Kadinsamson/rl-value-iteration

Jupyter NotebookGPL-3.0

VALUE ITERATION ALGORITHM

AIM

To develop a Python program to find the optimal policy for the given MDP using the value iteration algorithm.

PROBLEM STATEMENT

Design a reinforcement learning algorithm to guide an agent through a grid-based frozen lake environment, where the goal is to reach the destination while navigating through frozen and unfrozen tiles with the risk of falling through the ice. The agent must learn optimal policies to maximize its chances of reaching the goal in a stochastic and slippery environment.

STATES

The environment has 16 states:

Two Terminal States: G: The goal state & H: A hole state.
11 Transition states / Non-terminal States including S: The starting state.

The agent can take two actions:

0: Move left.
1: Move right.
2: Move up.
3: Move down.

Transition Probabilities

33.33% chance that the agent moves in the intended direction.
66.66% chance that the agent moves in the orthogonal direction.

Reward

The agent receives a reward of +1 for reaching the goal state (G).
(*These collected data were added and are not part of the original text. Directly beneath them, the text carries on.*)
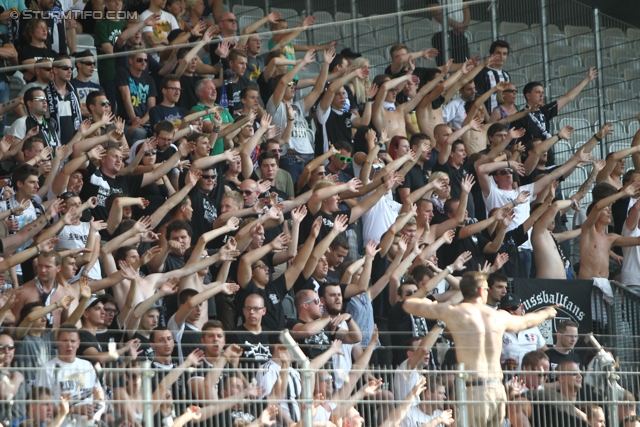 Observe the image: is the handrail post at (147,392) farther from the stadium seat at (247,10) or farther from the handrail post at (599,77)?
the stadium seat at (247,10)

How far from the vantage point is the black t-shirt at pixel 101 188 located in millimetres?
12688

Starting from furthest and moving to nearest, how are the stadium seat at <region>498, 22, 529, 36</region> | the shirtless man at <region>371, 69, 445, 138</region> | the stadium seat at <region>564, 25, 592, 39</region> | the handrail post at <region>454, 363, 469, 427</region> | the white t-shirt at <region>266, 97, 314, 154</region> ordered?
the stadium seat at <region>564, 25, 592, 39</region>, the stadium seat at <region>498, 22, 529, 36</region>, the shirtless man at <region>371, 69, 445, 138</region>, the white t-shirt at <region>266, 97, 314, 154</region>, the handrail post at <region>454, 363, 469, 427</region>

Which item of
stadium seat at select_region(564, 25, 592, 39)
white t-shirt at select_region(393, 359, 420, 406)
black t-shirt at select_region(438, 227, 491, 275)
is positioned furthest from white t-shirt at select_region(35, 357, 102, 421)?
Answer: stadium seat at select_region(564, 25, 592, 39)

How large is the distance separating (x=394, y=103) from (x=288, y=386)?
26.8 feet

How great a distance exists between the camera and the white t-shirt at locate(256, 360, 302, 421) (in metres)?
8.30

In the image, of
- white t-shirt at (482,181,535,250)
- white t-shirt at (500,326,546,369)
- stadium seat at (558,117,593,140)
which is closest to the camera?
white t-shirt at (500,326,546,369)

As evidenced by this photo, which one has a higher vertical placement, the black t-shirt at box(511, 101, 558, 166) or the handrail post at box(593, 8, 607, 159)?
the handrail post at box(593, 8, 607, 159)

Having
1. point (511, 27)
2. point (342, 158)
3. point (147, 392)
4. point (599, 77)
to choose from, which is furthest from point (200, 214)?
point (511, 27)

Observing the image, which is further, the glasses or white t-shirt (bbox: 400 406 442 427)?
the glasses

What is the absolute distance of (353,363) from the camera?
9.26m

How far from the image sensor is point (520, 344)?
1194 cm

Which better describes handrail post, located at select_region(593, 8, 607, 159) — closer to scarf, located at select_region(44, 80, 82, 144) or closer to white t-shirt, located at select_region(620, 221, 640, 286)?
white t-shirt, located at select_region(620, 221, 640, 286)

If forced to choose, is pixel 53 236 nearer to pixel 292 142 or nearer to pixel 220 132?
pixel 220 132

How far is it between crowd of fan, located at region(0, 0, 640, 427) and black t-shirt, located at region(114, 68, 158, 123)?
23mm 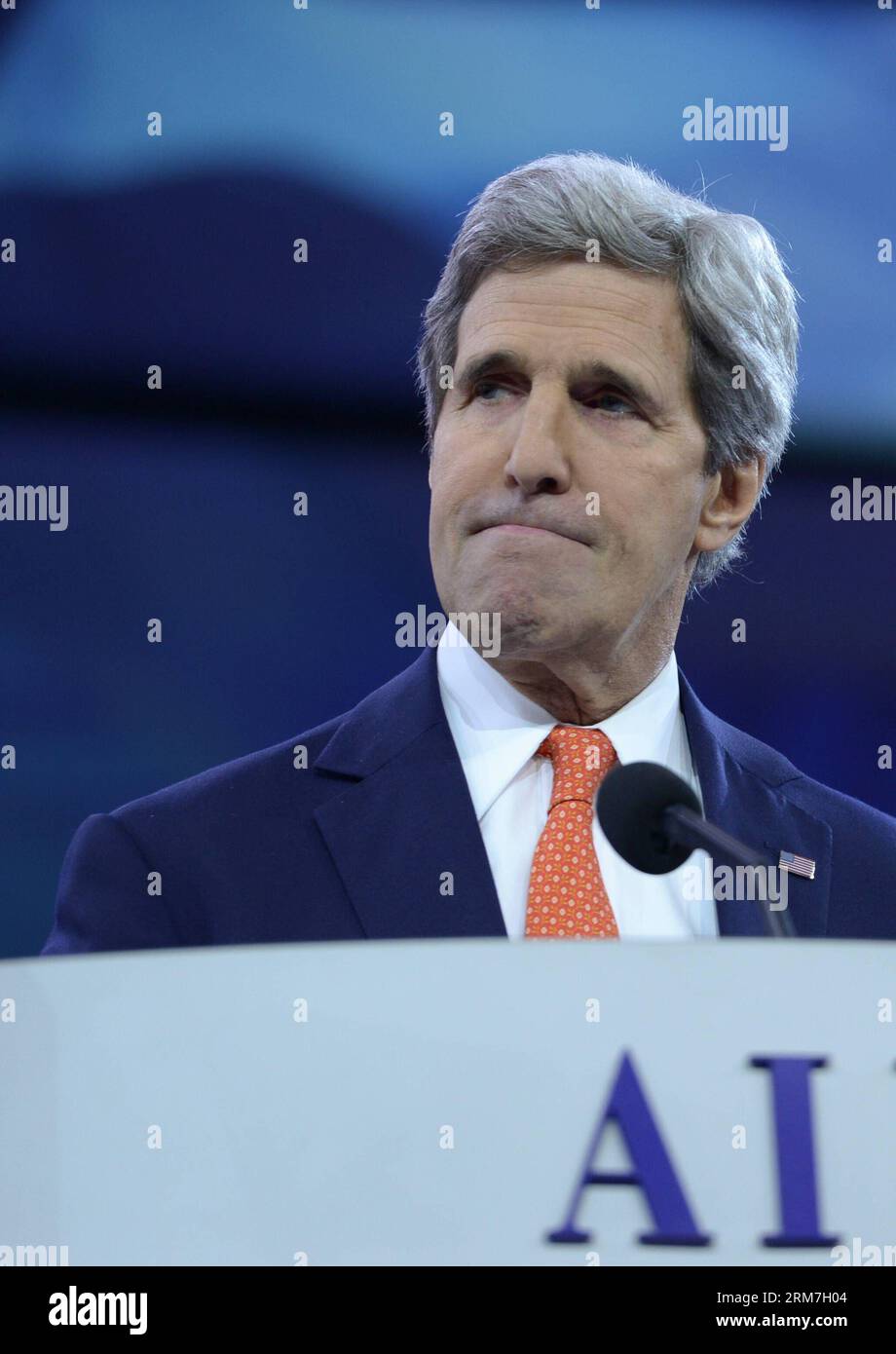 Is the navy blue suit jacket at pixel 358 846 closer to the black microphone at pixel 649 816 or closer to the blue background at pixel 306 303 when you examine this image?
the blue background at pixel 306 303

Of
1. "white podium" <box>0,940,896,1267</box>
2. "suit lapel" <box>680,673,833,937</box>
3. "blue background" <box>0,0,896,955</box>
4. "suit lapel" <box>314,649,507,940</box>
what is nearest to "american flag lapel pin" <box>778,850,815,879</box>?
"suit lapel" <box>680,673,833,937</box>

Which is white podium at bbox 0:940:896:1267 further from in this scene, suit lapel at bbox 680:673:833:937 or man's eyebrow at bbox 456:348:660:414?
man's eyebrow at bbox 456:348:660:414

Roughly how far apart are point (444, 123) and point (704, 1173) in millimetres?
1472

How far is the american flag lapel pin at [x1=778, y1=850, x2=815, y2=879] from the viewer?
197 cm

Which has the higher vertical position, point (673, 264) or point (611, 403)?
point (673, 264)

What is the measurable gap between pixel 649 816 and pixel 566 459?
657 millimetres

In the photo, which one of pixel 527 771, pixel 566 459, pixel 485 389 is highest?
pixel 485 389

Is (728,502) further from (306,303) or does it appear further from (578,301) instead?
(306,303)

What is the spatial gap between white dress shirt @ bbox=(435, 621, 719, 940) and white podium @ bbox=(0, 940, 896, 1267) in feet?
1.49

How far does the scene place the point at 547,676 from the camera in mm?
2029

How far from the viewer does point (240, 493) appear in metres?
2.22

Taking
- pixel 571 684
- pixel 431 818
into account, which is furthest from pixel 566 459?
pixel 431 818

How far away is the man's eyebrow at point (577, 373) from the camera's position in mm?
2014

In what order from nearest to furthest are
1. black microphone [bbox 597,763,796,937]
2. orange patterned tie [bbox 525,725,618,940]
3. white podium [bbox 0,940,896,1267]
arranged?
white podium [bbox 0,940,896,1267] < black microphone [bbox 597,763,796,937] < orange patterned tie [bbox 525,725,618,940] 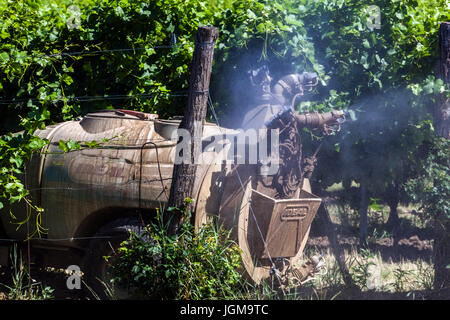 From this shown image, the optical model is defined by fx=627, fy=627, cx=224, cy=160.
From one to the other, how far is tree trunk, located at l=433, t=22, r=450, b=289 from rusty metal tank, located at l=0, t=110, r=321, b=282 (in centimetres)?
162

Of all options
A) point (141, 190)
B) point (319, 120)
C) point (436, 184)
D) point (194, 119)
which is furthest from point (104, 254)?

The agent receives a reward of 0 for all other states.

VALUE ITERATION ALGORITHM

Value iteration is a method of computing an optimal MDP policy and its value.
It begins with an initial guess for the value function, and iteratively updates it towards the optimal value function, according to the Bellman optimality equation.
The algorithm is guaranteed to converge to the optimal value function, and in the process of doing so, also converges to the optimal policy.

The algorithm is as follows:

Initialize the value function V(s) arbitrarily for all states s.
Repeat until convergence:
- Initialize aaction-value function Q(s, a) arbitrarily for all states s and actions a.
- For all the states s and all the action a of every state:
  - Update the action-value function Q(s, a) using the Bellman equation.
  - Take the value function V(s) to be the maximum of Q(s, a) over all actions a.
  - Check if the maximum difference between Old V and new V is less than theta.
  - Where theta is a small positive number that determines the accuracy of estimation.
If the maximum difference between Old V and new V is greater than theta, then
- Update the value function V with the maximum action-value from Q.
- Go to step 2.
The optimal policy can be constructed by taking the argmax of the action-value function Q(s, a) over all actions a.
Return the optimal policy and the optimal value function.

VALUE ITERATION FUNCTION

Developed by: Bairav Skandan Loha
Reg no: 212221230010

def value_iteration(P, gamma=1.0, theta=1e-10):
    V = np.zeros(len(P), dtype=np.float64)

    while True:
        Q = np.zeros((len(P), len(P[0])), dtype=np.float64)
        for s in range(len(P)):
            for a in range(len(P[s])):
                for prob, next_state, reward, done in P[s][a]:
                    Q[s][a] += prob * (reward + gamma * V[next_state] * (not done))


        if np.max(np.abs(V - np.max(Q, axis=1))) < theta:
            break
        V = np.max(Q, axis=1)

    pi = lambda s: {s: a for s, a in enumerate(np.argmax(Q, axis=1))}[s]

    return V, pi

OUTPUT:

RESULT:

Thus the python program to implement value iteration to find the optimal policy is completed successfully.